O maior problema de Dilma no início da campanha era a insegurança. Produzia pausas indevidas no meio do raciocínio, repetia palavras, exagerava no uso de expressões como "eu acho que" e "no que se refere" (cerca de dez em um único debate) e se valia de gestos demasiadamente estudados. Dava a impressão de que havia decorado as informações.
Serra como antipático, esse comportamento poderia afastá-lo dos eleitores. Consciente do problema procurou se mostrar mais simpático nos primeiros debates e nas entrevistas. Ficava evidente, entretanto, essa vontade de mudança, tirando assim parte da sua naturalidade.
No transcorrer da campanha os dois candidatos foram corrigindo os defeitos e aperfeiçoando os aspectos positivos. Dilma ficou mais segura e fluente na exposição de suas ideias. Diminuiu as interrupções indevidas e adquiriu mais tranquilidade para suportar os momentos de pausa. Depois de se mostrar agressiva no primeiro debate do segundo turno, se recompôs nos últimos confrontos, demonstrando convicção e assertividade, mesmo quando acuada.

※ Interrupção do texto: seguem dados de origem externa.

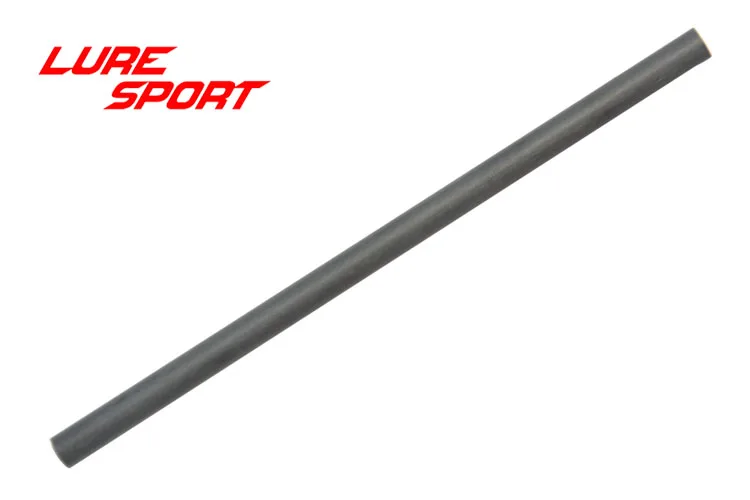 Luresport твердый карбоновый цилиндр spogit 128 мм 4 шт./упак. пустой шатун компонента Удочка DIY Repair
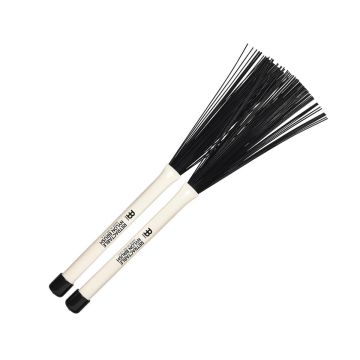 Spazzole Meinl SB304 Retrattili Nylon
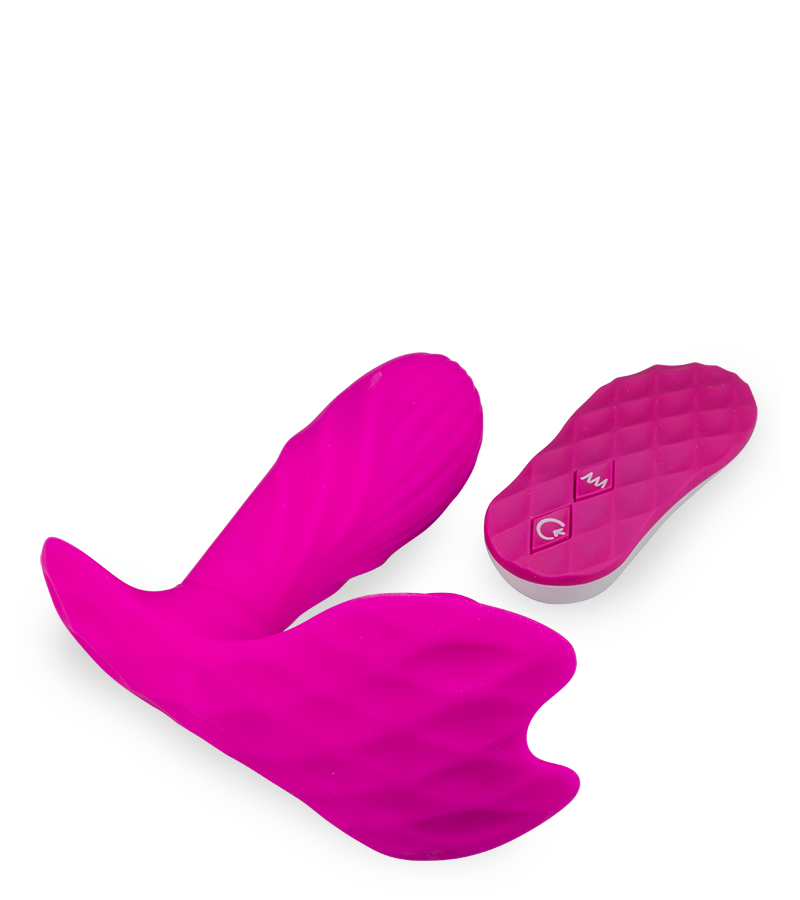 LOVE AND VIBES Culotte Vibrante Sans Contact Clitoris Et Gode 15 LOVE AND VIBES Culotte Vibrante Sans Contact Clitoris Et Gode – Image 15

Serra passou a sorrir de maneira mais espontânea e incluiu um ingrediente excepcional em sua forma de falar, a emoção. As conclusões que fez nos últimos debates foram exemplares. Falou com envolvimento, disposição e boa dose de eloquência.

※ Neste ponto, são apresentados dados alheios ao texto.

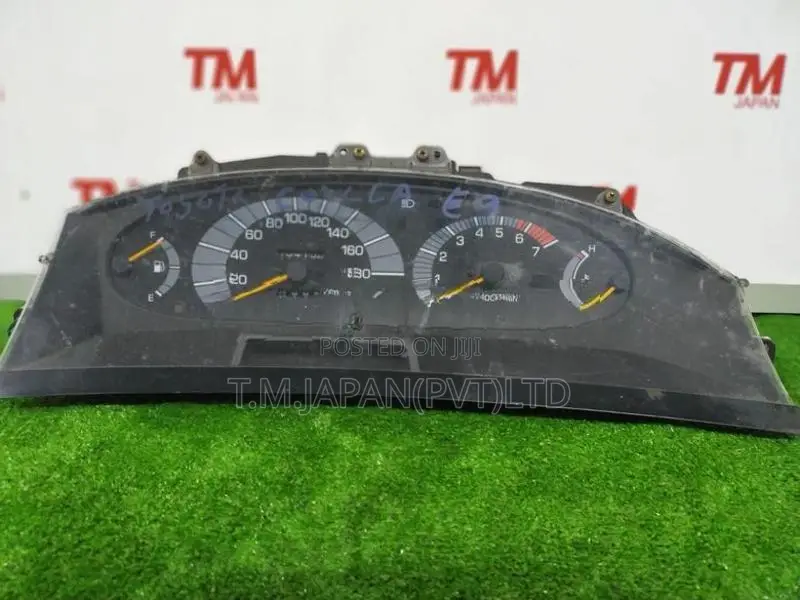 Toyota Estima 1998 TCR20W Meter Board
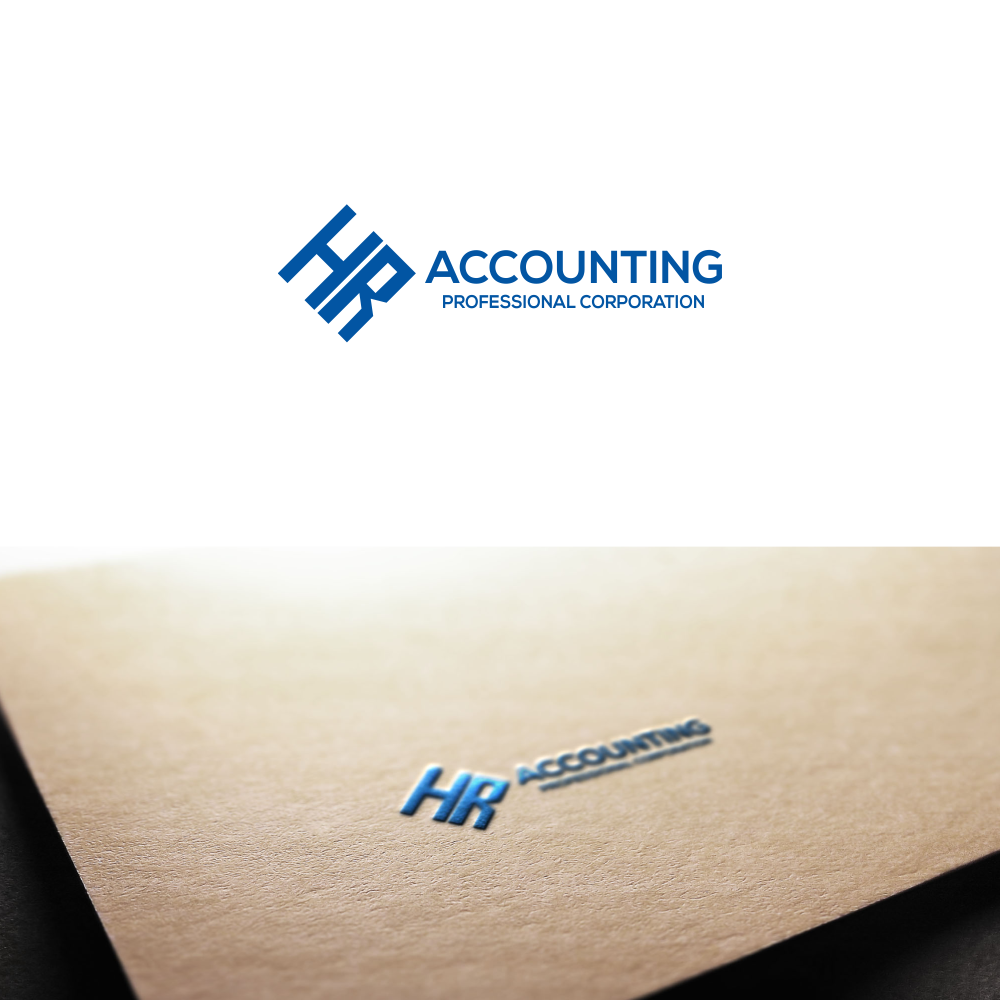 Logo Design by rinaldoajigunadi 2 for HR Accounting | Design #20661091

Permaneceram pequenos senões que, provavelmente, não devem interferir na opinião dos eleitores. Serra se valeu da ironia em vários momentos. Por se tratar de um recurso sutil, que demonstra inteligência e presença de espírito, cativa as pessoas com boa formação intelectual e que já decidiram votar nele. Por outro lado, esse comportamento chega a ser perigoso em campanhas políticas, pois pode afastar os eleitores que ainda precisam ser conquistados.
Dilma merece todos os elogios. Inexperiente nas disputas eleitorais, teve como adversário um dos oradores mais competentes da atualidade. Poucos políticos são tão eficientes na tribuna quanto Serra. Mesmo assim, passada a fase inicial de adaptação, ela não se intimidou e entrou na jaula para combater a fera.
Também no seu caso alguns aspectos ficaram pendentes. Talvez não representem perdas de votos, mas são perigosos. Em certos momentos se deixou envolver pela fala mais agressiva. Desde que se candidatou investiu em mudanças na maneira de falar e de se apresentar em público. Procurou se mostrar mais suave, fez plástica, arrumou o cabelo, aveludou o tom de voz e passou a sorrir com simpatia. Por isso, a agressividade poderia ser vista como indicador de incoerência na sua comunicação.
Outro aspecto que Dilma não conseguiu resolver -a construção de frases muito curtas, que a obrigam a fazer sucessivas pausas. Em certas circunstâncias, essa atitude, além de não contribuir com a estética e prejudicar a qualidade do estilo, pode até ter passado ideia de insegurança e artificialismo.
Agora já foi. Vai vencer quem tocou mais o coração dos eleitores, quem foi mais ao encontro de suas aspirações. Aqui entra um ingrediente subjetivo, que nem sempre pode ser avaliado pela técnica da comunicação. Há situações tão especiais que até os defeitos podem ajudar mais que as qualidades. Saberemos breve, assim que as urnas forem abertas e os votos forem apurados.